Gold Edge, a daughter of Eddington, was reported by pre-racetrack evaluators to play second fiddle in terms of ability to another Wiggins-trained, Morrison-owned 2-year-old filly, Shesakitty. But while Shesakitty has yet to win a maiden race, Gold Edge has won the Lisa M Stakes and the Lassie to go along with a debut win in a $50,000 maiden claimer. That she ran for a claiming price, however, didn’t mean her connections regarded her lightly. Rather, her savvy owner felt he could get away with running her for a price.

“We were kind of stealing there,” Morrison said.

Gold Edge has succeeded despite regularly challenging the patience of her caregivers. She has been prone to tantrums that can erupt without warning. Like the parents of an autistic child, her handlers have learned to emphasize routine, making the filly as comfortable as possible in everything she’s asked to do.

“Before she trains we tie her to the front of the stall,” Wiggins said, outlining one detail of the Gold Edge-management protocol he has developed. “Her rider has to get up on her in the stall, and the pony has to be right there in front of the stall in the shed row before she comes out.

“Before you get her turned around on the track and ready to train, anything can happen,” he said. “But once you turn her around to gallop, she’s perfect.”

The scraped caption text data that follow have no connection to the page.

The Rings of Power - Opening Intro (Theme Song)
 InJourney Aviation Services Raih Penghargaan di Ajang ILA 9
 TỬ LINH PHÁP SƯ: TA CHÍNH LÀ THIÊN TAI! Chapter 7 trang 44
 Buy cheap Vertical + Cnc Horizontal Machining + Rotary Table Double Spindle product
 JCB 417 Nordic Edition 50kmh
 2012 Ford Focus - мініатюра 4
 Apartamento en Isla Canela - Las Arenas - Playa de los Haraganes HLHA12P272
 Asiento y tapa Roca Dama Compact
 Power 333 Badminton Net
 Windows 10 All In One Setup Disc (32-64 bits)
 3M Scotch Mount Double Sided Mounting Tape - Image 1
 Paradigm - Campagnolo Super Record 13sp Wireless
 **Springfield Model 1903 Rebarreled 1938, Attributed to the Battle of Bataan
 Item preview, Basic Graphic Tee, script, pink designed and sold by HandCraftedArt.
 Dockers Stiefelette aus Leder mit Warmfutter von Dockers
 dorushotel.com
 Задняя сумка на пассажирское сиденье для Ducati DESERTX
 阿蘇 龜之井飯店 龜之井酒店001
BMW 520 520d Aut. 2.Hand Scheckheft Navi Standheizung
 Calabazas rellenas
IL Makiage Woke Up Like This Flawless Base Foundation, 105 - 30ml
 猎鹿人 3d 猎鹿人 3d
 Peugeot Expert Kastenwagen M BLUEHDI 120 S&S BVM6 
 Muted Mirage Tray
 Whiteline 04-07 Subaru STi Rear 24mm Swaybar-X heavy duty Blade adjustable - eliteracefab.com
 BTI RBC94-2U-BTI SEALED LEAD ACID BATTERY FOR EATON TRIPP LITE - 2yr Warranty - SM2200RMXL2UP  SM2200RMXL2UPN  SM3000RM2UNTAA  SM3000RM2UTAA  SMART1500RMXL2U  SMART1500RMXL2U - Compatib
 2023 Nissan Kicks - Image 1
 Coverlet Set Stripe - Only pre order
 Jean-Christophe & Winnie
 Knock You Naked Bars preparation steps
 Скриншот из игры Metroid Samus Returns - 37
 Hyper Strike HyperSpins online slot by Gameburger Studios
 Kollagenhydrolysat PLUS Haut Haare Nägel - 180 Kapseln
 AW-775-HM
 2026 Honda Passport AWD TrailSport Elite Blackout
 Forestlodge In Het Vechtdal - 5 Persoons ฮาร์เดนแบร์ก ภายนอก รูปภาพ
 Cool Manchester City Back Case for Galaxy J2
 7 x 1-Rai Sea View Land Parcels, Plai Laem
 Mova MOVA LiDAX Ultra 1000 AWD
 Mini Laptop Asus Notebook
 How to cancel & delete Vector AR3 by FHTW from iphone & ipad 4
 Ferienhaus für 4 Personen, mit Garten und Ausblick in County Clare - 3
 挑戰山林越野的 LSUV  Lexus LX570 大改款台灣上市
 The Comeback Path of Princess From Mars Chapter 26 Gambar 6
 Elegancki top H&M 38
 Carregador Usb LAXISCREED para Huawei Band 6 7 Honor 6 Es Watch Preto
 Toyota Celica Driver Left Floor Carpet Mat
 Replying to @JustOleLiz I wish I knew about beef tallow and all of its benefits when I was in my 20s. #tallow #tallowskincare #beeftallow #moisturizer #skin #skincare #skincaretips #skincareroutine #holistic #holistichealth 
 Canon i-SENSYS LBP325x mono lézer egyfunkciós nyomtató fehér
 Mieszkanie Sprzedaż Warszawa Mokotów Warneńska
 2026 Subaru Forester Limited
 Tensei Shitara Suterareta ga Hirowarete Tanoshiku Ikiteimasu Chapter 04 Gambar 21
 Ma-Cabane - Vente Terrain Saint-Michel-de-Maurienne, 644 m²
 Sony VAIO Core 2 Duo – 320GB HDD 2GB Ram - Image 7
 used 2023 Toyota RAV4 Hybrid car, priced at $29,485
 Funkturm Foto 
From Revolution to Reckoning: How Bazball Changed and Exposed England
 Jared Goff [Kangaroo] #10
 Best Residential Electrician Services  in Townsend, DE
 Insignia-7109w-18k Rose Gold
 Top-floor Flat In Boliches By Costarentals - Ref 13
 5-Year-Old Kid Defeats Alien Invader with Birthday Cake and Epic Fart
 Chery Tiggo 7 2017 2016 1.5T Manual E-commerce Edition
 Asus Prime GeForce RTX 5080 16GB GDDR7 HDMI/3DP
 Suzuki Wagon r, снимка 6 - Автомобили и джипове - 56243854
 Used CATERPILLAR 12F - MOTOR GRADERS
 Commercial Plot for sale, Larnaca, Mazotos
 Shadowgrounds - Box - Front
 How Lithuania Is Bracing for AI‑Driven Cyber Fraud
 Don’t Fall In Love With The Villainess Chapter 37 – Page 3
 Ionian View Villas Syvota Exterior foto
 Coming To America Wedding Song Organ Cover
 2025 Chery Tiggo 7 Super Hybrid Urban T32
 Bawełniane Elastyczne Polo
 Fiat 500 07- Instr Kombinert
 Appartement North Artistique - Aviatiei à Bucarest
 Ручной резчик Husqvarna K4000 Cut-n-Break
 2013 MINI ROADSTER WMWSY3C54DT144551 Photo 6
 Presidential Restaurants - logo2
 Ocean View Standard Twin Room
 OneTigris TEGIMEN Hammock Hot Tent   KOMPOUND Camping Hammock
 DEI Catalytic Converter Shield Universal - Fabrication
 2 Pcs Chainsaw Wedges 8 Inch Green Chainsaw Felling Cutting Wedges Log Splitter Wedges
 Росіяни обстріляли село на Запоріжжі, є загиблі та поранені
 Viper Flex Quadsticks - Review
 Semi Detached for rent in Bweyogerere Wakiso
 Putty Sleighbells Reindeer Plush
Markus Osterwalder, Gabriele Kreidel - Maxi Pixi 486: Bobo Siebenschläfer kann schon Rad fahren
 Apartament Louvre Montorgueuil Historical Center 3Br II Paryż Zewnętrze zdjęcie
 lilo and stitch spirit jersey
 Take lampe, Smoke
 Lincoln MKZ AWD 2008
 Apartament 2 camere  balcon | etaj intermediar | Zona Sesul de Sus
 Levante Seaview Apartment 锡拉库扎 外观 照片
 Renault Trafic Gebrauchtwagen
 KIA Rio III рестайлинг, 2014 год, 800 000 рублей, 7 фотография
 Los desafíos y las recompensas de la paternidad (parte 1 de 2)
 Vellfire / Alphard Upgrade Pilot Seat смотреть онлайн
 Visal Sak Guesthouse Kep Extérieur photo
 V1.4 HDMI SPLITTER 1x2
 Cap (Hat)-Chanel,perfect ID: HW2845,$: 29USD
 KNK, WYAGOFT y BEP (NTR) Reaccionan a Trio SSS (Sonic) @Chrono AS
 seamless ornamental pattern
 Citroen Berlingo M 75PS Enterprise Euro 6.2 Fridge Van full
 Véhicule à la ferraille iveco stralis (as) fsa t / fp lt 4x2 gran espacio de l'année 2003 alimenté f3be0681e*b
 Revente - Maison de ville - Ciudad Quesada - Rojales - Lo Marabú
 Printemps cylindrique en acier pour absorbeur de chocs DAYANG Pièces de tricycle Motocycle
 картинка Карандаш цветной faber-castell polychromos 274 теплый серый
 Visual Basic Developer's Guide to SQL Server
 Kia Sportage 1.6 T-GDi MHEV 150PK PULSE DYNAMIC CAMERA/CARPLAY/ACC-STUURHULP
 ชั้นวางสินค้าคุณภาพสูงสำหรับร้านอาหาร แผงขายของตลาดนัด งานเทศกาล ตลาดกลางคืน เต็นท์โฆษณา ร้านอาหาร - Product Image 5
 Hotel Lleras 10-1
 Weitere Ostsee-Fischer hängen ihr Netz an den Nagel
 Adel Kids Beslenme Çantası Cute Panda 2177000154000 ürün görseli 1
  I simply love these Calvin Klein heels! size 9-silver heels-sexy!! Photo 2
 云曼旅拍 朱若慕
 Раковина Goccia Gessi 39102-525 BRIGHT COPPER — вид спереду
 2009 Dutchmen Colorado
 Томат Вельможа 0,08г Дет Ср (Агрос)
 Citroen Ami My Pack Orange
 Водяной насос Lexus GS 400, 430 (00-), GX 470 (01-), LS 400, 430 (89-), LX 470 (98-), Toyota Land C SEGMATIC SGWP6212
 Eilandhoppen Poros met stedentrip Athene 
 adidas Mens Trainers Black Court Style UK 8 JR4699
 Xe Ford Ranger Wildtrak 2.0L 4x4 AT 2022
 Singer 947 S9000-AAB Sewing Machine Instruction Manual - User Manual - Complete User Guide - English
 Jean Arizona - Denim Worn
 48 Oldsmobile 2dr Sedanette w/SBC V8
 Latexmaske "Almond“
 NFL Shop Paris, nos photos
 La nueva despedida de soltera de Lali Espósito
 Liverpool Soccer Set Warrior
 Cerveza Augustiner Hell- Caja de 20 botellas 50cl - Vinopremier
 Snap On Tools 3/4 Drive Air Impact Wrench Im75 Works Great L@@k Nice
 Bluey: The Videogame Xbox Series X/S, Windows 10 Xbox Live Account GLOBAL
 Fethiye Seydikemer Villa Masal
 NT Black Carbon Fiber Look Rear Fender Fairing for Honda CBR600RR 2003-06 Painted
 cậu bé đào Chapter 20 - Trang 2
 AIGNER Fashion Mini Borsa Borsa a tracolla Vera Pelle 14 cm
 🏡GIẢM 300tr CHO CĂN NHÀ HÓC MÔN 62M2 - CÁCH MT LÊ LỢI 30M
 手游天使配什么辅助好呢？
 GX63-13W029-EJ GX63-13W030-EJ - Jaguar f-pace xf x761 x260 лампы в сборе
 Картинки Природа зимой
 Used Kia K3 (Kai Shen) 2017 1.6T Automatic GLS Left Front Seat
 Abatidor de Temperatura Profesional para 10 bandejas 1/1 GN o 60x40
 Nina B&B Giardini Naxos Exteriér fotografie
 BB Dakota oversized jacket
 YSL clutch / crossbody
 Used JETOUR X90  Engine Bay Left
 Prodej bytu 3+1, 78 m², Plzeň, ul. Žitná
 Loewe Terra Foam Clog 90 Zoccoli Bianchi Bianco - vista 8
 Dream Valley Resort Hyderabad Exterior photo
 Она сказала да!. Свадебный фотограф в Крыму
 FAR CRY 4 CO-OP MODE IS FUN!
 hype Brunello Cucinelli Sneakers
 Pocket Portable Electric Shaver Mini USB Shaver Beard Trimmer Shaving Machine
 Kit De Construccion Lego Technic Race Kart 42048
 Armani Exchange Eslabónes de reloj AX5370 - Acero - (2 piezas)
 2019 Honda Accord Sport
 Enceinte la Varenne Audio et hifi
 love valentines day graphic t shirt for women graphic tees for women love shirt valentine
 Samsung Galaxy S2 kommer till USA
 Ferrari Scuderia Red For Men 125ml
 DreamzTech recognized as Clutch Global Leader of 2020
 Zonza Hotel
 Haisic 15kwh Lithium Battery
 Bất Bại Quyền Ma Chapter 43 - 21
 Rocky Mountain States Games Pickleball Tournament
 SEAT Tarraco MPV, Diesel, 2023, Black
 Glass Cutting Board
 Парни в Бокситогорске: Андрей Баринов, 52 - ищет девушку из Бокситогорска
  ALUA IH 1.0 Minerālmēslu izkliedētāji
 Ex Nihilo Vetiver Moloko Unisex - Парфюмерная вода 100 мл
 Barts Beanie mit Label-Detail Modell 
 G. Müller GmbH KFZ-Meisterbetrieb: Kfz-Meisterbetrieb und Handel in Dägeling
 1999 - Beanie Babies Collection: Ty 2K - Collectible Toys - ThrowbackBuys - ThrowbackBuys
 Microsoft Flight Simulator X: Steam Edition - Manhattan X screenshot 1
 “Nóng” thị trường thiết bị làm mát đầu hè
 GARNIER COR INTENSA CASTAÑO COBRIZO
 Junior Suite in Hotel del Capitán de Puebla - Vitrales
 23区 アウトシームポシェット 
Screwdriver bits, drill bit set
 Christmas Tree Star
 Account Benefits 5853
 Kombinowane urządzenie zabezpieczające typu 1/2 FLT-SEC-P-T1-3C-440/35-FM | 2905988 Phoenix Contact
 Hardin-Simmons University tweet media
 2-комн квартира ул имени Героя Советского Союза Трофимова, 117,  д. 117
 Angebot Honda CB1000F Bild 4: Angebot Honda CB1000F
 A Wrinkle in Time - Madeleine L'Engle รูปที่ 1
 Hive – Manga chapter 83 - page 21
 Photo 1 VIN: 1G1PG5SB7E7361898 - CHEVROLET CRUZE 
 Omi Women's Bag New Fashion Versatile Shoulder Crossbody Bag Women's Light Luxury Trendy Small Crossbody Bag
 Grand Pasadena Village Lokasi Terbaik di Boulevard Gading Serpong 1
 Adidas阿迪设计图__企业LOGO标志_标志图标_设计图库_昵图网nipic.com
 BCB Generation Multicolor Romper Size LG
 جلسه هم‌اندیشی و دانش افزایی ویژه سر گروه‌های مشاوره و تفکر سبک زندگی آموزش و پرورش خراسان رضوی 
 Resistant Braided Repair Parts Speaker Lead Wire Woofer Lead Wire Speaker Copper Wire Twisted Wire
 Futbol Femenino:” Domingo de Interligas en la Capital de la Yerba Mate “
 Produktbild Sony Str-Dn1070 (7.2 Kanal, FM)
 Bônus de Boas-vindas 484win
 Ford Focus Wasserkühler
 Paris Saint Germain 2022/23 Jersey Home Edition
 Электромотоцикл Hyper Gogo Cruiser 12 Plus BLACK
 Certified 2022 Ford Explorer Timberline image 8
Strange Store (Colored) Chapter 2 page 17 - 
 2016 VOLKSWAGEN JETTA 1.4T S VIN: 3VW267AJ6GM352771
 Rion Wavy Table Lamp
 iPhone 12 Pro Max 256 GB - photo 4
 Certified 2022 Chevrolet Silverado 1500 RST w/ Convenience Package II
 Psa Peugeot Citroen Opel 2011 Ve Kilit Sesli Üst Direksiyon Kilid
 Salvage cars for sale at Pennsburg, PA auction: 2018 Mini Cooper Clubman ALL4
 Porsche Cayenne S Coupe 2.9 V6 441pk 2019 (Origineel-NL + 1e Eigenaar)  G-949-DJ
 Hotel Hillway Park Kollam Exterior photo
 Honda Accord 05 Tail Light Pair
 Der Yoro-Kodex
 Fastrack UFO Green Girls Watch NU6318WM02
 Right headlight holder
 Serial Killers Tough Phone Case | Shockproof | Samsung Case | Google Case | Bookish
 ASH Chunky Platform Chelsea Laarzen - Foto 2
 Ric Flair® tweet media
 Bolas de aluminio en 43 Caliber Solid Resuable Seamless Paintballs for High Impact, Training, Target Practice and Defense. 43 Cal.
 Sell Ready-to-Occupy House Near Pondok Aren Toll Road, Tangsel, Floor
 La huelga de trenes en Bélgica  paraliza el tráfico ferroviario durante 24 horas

Chris Emigh, Gold Edge’s jockey her last two races, said Gold Edge puts forth tremendous effort when she races. At the end of her first half-mile breeze, an event that generally fatigues an inexperienced 2-year-old, Gold Edge kept galloping and galloping, not wanting to stop. Whatever nervous energy pushes the horse to unpredictable behavior she has learned to funnel into the sheer act of running.

“She just loves to run,” Wiggins said. “She’s never been beaten in the morning, either, and she never gets tired.”

That is what gives Wiggins hope that Gold Edge will stretch out to two-turn racing in the fall. Her next start could come in the Grade 1 Alcibiades at Keeneland, though Wiggins worries that because of Keeneland’s massive September yearling sale he won’t be able to get Gold Edge settled into a new day-to-day routine there in time to make her fully comfortable. The main reason Wiggins even brought his small string to Chicago this summer was because he believed Gold Edge had the goods to win the Lassie, and that to accommodate her foibles, she needed to reside in the same place as long as possible.

Wiggins, of course, downplays the work he’s done with the filly.

“With the number of horses I have, I’ve got plenty of time to devote to her,” he said. “I still get up at 4 o’clock, like always, and go the barn. I have to stare at them an hour or two before I get to work.”

That last remark was a joke, and probably, Wiggins’s cheerful perspective on his uncertain career is colored by matters more grave. Three years ago, his wife, Robin, whom Wiggins met when she was galloping horses for Steve Asmussen, and who has always worked by his side in the stable, nearly died because of a heart problem. The couple has no children: Wiggins said he didn’t want to subject kids to the constant moves required of a trainer attempting to gain a foothold in the game. It was when his wife took ill that Lon stopped riding every morning. He got out of the habit and discovered, going back to it, that his body hurt too much the day after galloping to make it worthwhile. His wife still helps around the barn as much as she can, but her role is diminished because of her heart.

Wiggins found out in June that Morrison planned to disperse his stock. He has had plenty of time to contemplate the future, and he’ll be doing so even as he prepares Gold Edge for what could be the first Grade 1 race of Wiggins’s career. It may not be until sometime in November that Wiggins knows what his life will look like next year.

“We’re going to have to wait until the last horse goes through the sale before we can really see where things stand,” he said. “This is what I want to keep doing. But I’ll do whatever I have to do when the time comes.”